An app that detects itself running on other people’s phones, then both devices play Random Encounter music. What happens next is up to you.
Ways in which I’m like a bus:
– Often late
– Breakdown at the worst possible times
– Demand change from other people
– Weird smells
There is no law stating that you have to explain why you’re carrying a purse full of hair when going through security.
Writing a song about getting my front door lock replaced. There’s a lovely key change at the end.
I’m directing a psychological thriller called my twins are running against each other for student council.
The only upside to Trump’s big wall is that Texas will finally get some of Banksy’s Art. Maybe like a little girl and a soldier with a gun
Me: Get the tires rotated?? Don’t they rotate enough while the car is moving?
Mechanic: Omg you’re right! What a scam. I truly apologize.
*Blows dandelion in the wind*
*stares at stem*[whispers] “Now you’re just somebody that I used to blow”
This is worse than season 7 of The Walking Dead
It’s good to make mistakes in front of your children to teach them they don’t have to be perfect.
And also the truth that you’re a moron.
I’m not good at communicating with others these days. I actually started a conversation the other day with “I like your chicken. It’s very fluffy.”
my doctor asked if it burns when I pee. I said only when it gets in my eyes.
oh i’d definitely choose flight over invisibility. i’d fly everywhere! to the living room, the bedroom. back to the living room. everywhere
All I’m sayin is that you’re not gonna want my kid doing your taxes after being homeschooled by me.

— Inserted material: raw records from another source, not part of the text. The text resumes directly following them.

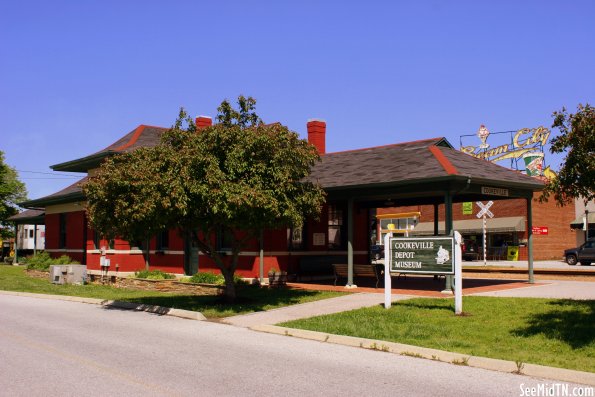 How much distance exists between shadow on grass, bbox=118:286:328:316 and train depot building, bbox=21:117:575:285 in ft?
6.30

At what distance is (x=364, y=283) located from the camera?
862 inches

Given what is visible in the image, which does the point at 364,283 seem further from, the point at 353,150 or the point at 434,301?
the point at 434,301

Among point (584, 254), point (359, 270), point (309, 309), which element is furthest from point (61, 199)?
point (584, 254)

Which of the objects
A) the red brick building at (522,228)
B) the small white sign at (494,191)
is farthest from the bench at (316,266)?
the red brick building at (522,228)

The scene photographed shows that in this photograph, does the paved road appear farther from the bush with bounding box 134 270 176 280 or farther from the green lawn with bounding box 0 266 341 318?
the bush with bounding box 134 270 176 280

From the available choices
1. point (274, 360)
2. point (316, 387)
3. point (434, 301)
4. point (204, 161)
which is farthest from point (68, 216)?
point (316, 387)

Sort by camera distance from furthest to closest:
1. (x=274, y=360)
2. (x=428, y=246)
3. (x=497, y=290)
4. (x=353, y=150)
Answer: (x=353, y=150)
(x=497, y=290)
(x=428, y=246)
(x=274, y=360)

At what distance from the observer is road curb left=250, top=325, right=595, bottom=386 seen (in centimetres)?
799

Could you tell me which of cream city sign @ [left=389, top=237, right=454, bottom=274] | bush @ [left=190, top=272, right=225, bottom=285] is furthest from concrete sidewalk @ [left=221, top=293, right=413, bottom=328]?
bush @ [left=190, top=272, right=225, bottom=285]

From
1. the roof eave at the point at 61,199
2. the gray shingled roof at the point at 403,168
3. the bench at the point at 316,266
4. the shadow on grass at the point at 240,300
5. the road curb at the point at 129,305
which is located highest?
the gray shingled roof at the point at 403,168

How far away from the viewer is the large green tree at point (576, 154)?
374 inches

My mind thinks I’m 6, and my heart thinks I’m 22, but my body knows we’ve died and reached hell.
Caveman1: look, I invent wheel
Caveman2: what we do now?
Caveman1: wait for Jesus to take wheel
Caveman2: dum dum Jesus not invented yet
Person 1: You should do Yoga.
Person 2: Why would I ever do that little green guy from Star Wars? He’s not sexy at all.
Person 3: She means the picnic basket stealing bear, idiot.
Not sure why my doctor prescribed LSD for a case of constipation…until I saw those dragons and totally shit my pants.
My cat: *standing on my chest to block my computer screen, pressing his nose to mine & staring deeply into my eyes*
Me: Well. Hi.
My cat: You’re very clingy.
5-year-old: *walks up behind me when I’m on the computer* What game are you playing?
Me: Pay the bills.
5: Are you winning?
Me: No.
[Driving w/date in car]
Date [turns radio to country]
Me [reaches over date, opens passenger door] This isn’t working. [Hits eject button]
Thank you Saran Wrap for so many years of not even remotely doing what I want.
I was standing in the line at McDonald’s yesterday and just as I got to the counter my boyfriend kissed me and then loudly said ‘you are the best sister ever’ and walked away and the girl in McDonald’s looked at me in disgust and I’ve never wanted to die so much in my life
We need to invent a rectangular fruit now that the banana is no longer an accurate representation of the phone-shape. Lotta my bits don’t make sense anymore.
Is it “nemesis” or “nemeses”? I’m renewing my wedding vows.
A Tinder style app that helps parents find other parents to drink with
Me: I know I’m forgetting something…..I just can’t remember what it is.
*power shuts off, sitting in a dark room*
Me: *sips coffee* Nope. Nothing is coming to mind.